Doğan Heper

Doğan Heper

dheper@milliyet.com.tr

Tüm Yazıları
Haberin Devamı

       SAFLAR beliriyor.
Erken seçim olacaksa, daha 9 ay da olsa partiler cepheleşme yolunda hızla harekete geçti.
Mehmet Barlas'ın hakemliğinde yapılan Otağtepe zirvesi, Fazilet'le DYP'nin; bazı küçük partilerin de desteğini alarak bir cephe oluşturacaklarını gösteriyor.
Bu küçükler şimdili; Korkut Özal'ın Demokrat Partisi, Hasan Celal Güzel'in Yeniden Doğuş Partisi, Besim Tibuk'un Liberal Demokrat Partisi.
Liderleri anlamak güç. Bir süre önce "hiçbir partiyle ittifaka ihtiyacımız yok" derler ama bir de bakarsınız, ittifakın katmerlisinin peşine düşerler.
* * *
YENİ seçim kanunu ve yeni partiler kanunu, yani Türkiye'yi siyasi istikrara, birlik ve bütünlüğe götürecek yasal düzenlemeler olmayınca partilerin ittifaklar için boşluk arayışına girmeleri kaçınılmaz oluyor.
Siyasi partilerin amacı iktidarsa ve suni şekilde ve çok sayıda bölünmüş partilerimiz bu amaca tek başlarına ulaşamıyorlarsa, yasanın müsaadesi oranında bunu ortaklıklarla elde etmeyi deneyeceklerdir.
İşte bu arayışın ilk adımı Otağtepe'de atıldı.
Bu ittifak yürürse, karşısında başka bir ittifakı bulabilir.
ANAP - DSP ittifakı.
* * *
TÜRKİYE'nin huzura kavuşmamasının nedenlerinin en son ve en canlı örneğini yukardaki tablo ortaya koyuyor.
Türkiye'de liderler daima imkansızı mümkün kılmaya uğraşıyorlar ve bu nedenle on yılda bir darbe veya müdahale doğuyor.

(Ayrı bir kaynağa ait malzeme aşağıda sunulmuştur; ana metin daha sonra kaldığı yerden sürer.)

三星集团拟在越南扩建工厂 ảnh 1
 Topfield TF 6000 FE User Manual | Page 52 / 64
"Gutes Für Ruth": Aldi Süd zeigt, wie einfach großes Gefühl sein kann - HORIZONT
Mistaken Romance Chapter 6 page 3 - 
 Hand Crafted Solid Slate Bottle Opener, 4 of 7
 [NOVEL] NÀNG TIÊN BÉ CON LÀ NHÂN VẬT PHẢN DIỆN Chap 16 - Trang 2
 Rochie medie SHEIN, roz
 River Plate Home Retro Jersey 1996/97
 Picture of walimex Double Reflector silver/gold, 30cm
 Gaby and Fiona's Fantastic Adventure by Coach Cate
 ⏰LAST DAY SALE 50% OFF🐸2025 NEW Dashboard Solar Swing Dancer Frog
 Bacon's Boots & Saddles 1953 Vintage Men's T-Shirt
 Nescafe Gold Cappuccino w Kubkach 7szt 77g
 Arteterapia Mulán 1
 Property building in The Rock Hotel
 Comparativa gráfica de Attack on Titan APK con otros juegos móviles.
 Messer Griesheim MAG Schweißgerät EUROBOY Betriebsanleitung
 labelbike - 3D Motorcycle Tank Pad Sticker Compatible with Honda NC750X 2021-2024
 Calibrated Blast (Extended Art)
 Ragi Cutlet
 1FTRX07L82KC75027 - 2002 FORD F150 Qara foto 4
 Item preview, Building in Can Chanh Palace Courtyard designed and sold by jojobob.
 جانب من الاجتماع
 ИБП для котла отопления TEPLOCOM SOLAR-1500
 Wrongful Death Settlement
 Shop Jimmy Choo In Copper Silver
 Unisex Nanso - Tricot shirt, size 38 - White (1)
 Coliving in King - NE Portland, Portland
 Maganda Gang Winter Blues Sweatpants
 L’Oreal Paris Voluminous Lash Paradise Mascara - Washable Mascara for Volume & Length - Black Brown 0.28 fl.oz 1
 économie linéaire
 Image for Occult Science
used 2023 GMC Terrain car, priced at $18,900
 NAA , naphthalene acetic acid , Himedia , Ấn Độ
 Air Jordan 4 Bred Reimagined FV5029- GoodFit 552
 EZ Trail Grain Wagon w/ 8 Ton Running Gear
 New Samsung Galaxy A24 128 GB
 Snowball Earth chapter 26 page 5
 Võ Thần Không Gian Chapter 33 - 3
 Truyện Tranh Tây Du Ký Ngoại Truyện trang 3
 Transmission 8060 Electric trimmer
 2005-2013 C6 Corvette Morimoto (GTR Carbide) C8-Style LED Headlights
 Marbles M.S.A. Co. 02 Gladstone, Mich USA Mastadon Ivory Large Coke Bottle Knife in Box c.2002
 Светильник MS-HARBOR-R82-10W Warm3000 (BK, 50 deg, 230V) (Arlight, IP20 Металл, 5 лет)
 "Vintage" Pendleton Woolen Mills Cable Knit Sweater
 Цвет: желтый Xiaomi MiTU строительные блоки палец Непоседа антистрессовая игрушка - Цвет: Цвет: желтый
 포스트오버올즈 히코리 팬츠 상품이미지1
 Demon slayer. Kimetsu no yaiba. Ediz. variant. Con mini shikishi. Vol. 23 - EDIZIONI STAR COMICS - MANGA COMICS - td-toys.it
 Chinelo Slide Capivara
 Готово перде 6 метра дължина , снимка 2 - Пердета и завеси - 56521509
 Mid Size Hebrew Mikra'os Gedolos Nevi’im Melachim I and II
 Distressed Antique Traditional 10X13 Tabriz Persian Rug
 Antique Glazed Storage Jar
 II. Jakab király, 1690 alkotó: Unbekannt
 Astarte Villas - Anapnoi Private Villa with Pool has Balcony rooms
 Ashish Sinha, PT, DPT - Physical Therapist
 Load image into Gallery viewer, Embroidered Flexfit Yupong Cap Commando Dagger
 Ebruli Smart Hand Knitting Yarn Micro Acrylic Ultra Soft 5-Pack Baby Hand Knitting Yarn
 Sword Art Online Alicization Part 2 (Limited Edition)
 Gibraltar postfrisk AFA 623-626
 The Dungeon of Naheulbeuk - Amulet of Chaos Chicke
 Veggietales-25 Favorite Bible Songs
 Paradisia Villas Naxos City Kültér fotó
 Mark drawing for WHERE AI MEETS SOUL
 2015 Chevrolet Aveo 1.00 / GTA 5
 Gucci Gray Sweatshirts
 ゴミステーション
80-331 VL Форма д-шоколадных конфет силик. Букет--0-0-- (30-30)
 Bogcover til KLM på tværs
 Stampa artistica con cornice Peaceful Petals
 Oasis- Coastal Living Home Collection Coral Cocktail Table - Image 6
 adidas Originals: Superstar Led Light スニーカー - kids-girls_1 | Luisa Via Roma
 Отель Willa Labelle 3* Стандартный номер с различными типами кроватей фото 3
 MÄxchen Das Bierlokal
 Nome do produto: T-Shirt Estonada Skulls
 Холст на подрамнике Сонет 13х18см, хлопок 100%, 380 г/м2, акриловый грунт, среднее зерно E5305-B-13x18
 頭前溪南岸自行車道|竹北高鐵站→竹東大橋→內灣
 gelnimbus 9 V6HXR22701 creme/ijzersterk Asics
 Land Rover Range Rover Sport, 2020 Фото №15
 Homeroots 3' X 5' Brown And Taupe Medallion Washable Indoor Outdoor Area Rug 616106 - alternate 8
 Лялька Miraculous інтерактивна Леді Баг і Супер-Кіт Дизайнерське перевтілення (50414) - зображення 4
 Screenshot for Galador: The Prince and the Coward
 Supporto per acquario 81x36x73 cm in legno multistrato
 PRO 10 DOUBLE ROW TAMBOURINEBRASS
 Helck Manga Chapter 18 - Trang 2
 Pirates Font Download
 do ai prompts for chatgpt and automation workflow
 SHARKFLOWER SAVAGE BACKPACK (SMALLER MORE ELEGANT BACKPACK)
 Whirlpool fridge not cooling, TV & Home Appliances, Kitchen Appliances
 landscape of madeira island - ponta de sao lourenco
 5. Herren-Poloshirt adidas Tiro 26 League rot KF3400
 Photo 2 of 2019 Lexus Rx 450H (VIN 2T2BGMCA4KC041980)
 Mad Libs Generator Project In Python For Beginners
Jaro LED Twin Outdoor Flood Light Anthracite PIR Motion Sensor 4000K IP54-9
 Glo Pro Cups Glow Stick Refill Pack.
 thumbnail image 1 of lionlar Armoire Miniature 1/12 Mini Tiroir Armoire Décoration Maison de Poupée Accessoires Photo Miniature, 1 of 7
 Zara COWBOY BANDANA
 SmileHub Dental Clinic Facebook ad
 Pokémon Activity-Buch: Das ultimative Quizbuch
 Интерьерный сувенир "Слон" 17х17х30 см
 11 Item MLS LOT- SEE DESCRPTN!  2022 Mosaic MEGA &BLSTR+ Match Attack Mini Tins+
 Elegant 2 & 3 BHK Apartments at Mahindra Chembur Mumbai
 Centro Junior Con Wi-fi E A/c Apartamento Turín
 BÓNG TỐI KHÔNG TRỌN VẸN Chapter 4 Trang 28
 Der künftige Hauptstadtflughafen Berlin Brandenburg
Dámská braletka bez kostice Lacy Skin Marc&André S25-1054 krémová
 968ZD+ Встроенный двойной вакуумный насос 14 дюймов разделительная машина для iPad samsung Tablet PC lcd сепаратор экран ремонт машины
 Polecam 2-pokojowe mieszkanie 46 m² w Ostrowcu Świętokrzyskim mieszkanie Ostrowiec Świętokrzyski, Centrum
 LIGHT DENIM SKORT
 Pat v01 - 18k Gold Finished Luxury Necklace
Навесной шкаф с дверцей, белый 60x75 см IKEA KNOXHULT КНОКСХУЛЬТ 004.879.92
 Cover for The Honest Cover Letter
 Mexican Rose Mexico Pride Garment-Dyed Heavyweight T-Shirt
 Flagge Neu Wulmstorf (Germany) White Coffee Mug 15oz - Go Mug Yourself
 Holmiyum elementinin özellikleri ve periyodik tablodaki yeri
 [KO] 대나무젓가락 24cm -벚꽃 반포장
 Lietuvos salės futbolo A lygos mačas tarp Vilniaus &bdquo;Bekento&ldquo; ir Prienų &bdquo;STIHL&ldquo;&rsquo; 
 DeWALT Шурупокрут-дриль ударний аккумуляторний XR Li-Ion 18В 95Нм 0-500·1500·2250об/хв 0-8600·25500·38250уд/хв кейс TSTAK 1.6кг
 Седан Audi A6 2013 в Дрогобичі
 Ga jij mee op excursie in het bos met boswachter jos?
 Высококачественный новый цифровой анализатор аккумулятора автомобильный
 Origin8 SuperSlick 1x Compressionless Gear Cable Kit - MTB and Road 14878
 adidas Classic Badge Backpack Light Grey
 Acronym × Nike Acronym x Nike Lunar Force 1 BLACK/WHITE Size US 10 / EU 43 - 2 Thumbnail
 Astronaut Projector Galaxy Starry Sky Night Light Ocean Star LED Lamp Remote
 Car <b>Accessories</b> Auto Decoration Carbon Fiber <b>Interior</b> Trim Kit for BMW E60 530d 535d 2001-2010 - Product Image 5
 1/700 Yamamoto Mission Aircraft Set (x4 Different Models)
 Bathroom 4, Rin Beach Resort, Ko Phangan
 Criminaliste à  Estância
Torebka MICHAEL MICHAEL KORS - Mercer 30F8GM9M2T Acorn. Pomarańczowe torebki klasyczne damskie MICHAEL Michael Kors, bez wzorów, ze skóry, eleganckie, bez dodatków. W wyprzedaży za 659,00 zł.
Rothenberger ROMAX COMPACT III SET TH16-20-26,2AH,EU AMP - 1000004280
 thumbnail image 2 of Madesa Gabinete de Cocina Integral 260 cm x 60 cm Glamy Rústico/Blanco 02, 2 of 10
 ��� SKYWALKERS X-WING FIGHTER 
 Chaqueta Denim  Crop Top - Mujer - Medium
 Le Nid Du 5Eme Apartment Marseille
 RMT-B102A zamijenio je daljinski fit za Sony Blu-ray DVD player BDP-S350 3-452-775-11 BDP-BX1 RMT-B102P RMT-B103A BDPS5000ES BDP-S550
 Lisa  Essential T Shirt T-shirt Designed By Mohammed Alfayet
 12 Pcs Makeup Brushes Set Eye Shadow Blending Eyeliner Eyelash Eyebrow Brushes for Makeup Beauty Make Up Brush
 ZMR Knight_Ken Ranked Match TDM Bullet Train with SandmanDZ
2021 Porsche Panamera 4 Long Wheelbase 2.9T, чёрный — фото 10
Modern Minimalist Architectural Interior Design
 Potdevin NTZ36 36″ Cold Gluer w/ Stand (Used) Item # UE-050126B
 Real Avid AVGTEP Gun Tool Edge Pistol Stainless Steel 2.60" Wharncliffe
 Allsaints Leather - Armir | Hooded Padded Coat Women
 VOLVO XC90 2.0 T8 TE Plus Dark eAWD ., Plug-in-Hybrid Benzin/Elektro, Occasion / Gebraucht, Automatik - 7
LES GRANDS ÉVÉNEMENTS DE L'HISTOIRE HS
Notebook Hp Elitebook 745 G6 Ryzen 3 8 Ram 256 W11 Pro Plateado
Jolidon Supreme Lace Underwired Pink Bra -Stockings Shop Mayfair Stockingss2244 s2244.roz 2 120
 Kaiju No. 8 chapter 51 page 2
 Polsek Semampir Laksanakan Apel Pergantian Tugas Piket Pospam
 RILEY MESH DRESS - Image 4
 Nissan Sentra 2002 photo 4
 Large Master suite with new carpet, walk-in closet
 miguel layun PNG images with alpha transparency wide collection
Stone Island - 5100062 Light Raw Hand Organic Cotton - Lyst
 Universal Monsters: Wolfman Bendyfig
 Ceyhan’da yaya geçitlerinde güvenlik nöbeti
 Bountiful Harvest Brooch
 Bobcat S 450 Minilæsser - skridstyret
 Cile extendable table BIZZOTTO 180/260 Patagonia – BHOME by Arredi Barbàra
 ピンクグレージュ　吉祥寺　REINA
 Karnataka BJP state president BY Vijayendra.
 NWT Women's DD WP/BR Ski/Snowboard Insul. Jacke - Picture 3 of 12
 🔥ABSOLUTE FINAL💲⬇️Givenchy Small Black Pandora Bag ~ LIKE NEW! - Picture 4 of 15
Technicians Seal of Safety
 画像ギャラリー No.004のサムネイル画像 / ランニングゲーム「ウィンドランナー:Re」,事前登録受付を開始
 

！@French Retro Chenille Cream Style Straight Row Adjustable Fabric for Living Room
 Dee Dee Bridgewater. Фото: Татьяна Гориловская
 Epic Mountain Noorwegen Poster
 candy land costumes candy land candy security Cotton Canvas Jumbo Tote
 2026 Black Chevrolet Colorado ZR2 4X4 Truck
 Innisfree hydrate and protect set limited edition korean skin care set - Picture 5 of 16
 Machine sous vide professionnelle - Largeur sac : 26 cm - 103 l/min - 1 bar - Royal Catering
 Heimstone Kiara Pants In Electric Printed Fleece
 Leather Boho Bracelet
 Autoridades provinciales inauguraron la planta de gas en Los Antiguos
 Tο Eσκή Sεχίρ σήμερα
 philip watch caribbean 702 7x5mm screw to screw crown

Türkiye normal bir siyasal yaşama kavuşamıyor.
Ülkede siyasi tablo iktidar olabilmek için ittifak zaruretini işaret ediyorsa, ki ediyor, eşyanın tabiatına uygun olanı; ANAP'la DYP, DSP ile CHP arasında olan ittifaktır. Bu, birleşmenin de ilk adımı sayılabilir.
Ama yeni teşebbüs bunların dışında oluştuğu gibi ilk icraat olarak da Türkiye'yi "demokrat olanlar - olmayanlar" diye ikiye ayırmakla işe başlıyor.
* * *
BU basit gibi gelen ayırım bile, bu suni cepheleşmenin hemen karşı atakları doğuracağını, Türkiye'nin yeni bir kavga ortamına sürükleneceğini gösteriyor.
Oysa Türkiye'nin uzlaşmaya ve huzura ihtiyacı var; kavgaya değil. Ama ne yazık ki, enflasyonu yenmeyi, gelir dağılımı adaletsizliğini gidermeyi, toplumda kanun hakimiyetini kurup adalet ve eşitliği sağlamayı, basit vatandaşın korkusuz yaşamasını temin etmeyi, demokratikleşmeyi, kalkınmayı, refahı getirmeyi başaramayanlar; Türkiye'yi cepheleşmelerle, kavgalarla oyalayıp hükümette veya muhalefette iktidarlarını sürdürmeyi yeğliyorlar.
Allah Türkiye'yi yapay ve intikam amaçlı ittifakların, ittifakçıların kısır kavgalarından, savaşlarından korusun.